Tahun 1983, begitu lulus sekolah setingkat SMP di sebuah kota kecamatan di Kabupaten Temanggung, Jawa Tengah, saya langsung dikirim oleh orangtua saya ke Yogyakarta untuk melanjutkan pendidikan setingkat SMA. Di kota pelajar ini saya tinggal bersama di kos dengan para mahasiswa Universitas Gadjah Mada.

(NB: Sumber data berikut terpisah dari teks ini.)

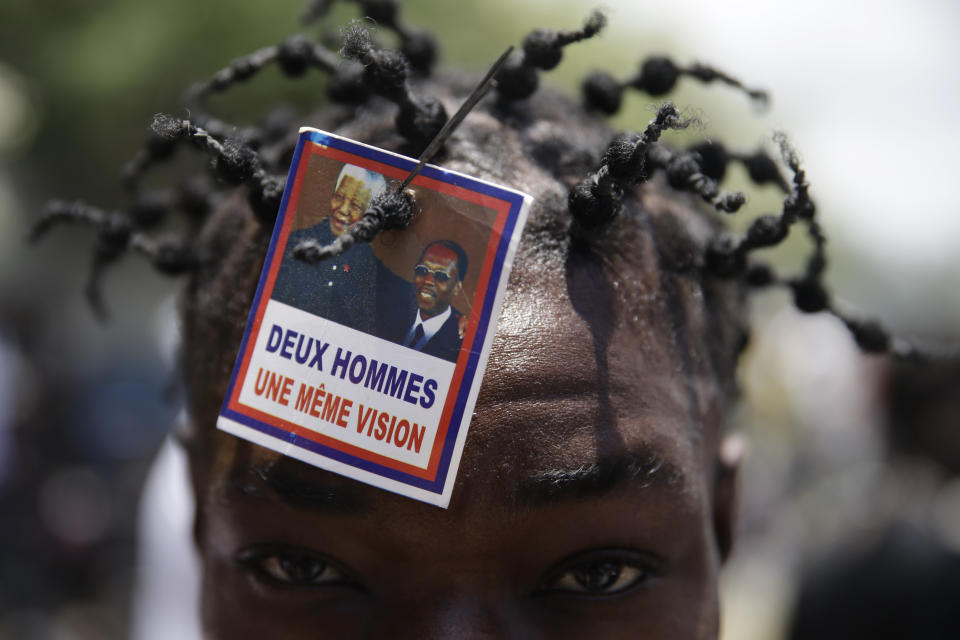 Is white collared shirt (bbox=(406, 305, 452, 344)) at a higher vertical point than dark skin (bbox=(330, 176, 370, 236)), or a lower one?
lower

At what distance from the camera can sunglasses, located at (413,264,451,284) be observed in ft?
4.18

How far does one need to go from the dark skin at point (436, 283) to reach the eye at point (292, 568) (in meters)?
0.47

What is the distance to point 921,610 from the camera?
2709mm

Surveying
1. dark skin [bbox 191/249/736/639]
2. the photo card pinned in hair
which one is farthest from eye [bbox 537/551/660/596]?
the photo card pinned in hair

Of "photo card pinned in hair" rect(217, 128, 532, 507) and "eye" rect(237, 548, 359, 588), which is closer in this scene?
"photo card pinned in hair" rect(217, 128, 532, 507)

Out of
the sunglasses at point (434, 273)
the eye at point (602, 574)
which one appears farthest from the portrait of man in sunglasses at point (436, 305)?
the eye at point (602, 574)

Saat itu saya mengagumi kakak-kakak mahasiswa tersebut. Hanya orang-orang pintar dan istimewa saja yang bisa merebut bangku kuliah di universitas bergengsi tersebut. Karena itu saya bertekad suatu saat saya harus bisa menjadi seperti mereka. Alhamdulillah, cita-cita saya terkabul. Setelah tiga tahun menjalani pendidikan setingkat SMA, saya akhirnya juga diterima menjadi mahasiswa UGM.
Saat itu, di kampung, saya adalah satu-satunya mahasiswa UGM. Status tersebut menjadi kebanggaan sekaligus beban bagi saya. Bangga, meskipun berasal dari keluarga biasa, saya bisa menembus kampus ternama tersebut. Menjadi beban, karena dengan status mahasiswa kadang-kadang tuntutan masyarakat terhadap saya menjadi sangat tinggi.
Bagi orang kampung, seorang mahasiswa adalah pasti seorang yang sangat pintar dan bisa membantu menyelesaikan berbagai problem kemasyarakatan.
Padahal saya sendiri sebagai seorang mahasiswa baru menyadari bahwa kemampuan saya masih nol. Dari segi wawasan, pemikiran dan sikap juga masih sangat dangkal. Terus terang, saya adalah pribadi yang cenderung introvert, pemalu dan kurang gaul.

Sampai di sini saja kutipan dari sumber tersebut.